Monitoring of hydrogen‒oxygen battery power generation
The current generated by a hydrogen‒oxygen battery serves as a crucial performance indicator, necessitating the utilization of sensors for real-time monitoring of it. The prepared sensor was employed for this purpose (Fig. 9a). For a battery current of approximately 4.3 mA (Fig. 9b), the pH of the electrolyte at the counter electrode rose by approximately 0.36 units (Fig. 9b), leading to the sensor recording a redshift in transmission of approximately 1.5 nm (Fig. 9c). When the battery was deactivated, the pH of the electrolyte and the wavelength shift recorded by the sensor reverted to the original state. When the battery was activated again, the pH and the wavelength shift also changed again, etc. Furthermore, the spectrum demonstrated a maximum instantaneous increase rate when the current reached its peak value (Fig. 9c). Importantly, the direct monitoring of the current by the electrochemical method and the recording of wavelength shifts by our sensor did not adequately capture the changes in the electric flow during multiple battery cycles. However, the derivative of the wavelength shift with respect to time could reveal fluctuations in the battery power generation efficiency across these cycles, making it crucial for evaluating the performance. The results indicated that the rate at which the electrolyte varied in response to the voltage fluctuated with each applied voltage. Hence, this sensor enables real-time monitoring of power generation for hydrogen‒oxygen batteries. Furthermore, it enables evaluation of the subtle disparities in the electricity generation efficiency during each discharge cycle; this crucial information cannot be obtained through an electrochemical workstation.

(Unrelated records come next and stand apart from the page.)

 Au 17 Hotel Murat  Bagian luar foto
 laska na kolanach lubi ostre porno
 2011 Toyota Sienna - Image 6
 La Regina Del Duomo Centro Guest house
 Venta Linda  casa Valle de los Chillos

a Schematic diagram of monitoring of hydrogen‒oxygen battery power generation via the fiber-optic sensor with the GO-MoS2-Au interface. The microfiber was positioned at a distance of 204 μm from the counter electrode. (BBS broadband source, OSA optical spectrum analyzer, EW electrochemical workstation, CE counter electrode, RE reference electrode, WE working electrode). b Electricity generation signal recorded by an electrochemical workstation and the corresponding pH changes, c wavelength shifts, and derivative of the wavelength shift with respect to time d(nm)/dt
Discussion
In this work, we demonstrated the feasibility of using a dielectric fiber-optic sensor to monitor localized proton concentration changes and microcurrents with no interference with the current system operation. The sensor utilized the evanescent field at the micron scale to detect variations in the refractive index of the environment of the sensor induced by changes in the localized proton concentration. The sensor’s response to proton concentration came from the interaction between the oxygen-containing groups (hydroxyl groups) on the microfiber surface and the ions in the electrolyte during electrification. Figures S39, S40 indicate that the greater the number of oxidation groups on the microfiber surface is, the greater the sensitivity of the sensor to changes in the proton concentration. Therefore, in this work, the microfiber after 8 h-oxidation treatment was employed. This sensor enabled microscale insight into the localized proton concentration changes in the electrolyte, thereby facilitating measurement of the corresponding microcurrents. This response stemmed from alterations in the refractive index of the fiber surface, which resulted from interactions between the treated fiber surface and surrounding protons and ions following energization. Consequently, the use of electromagnetic materials can be avoided in the monitoring system.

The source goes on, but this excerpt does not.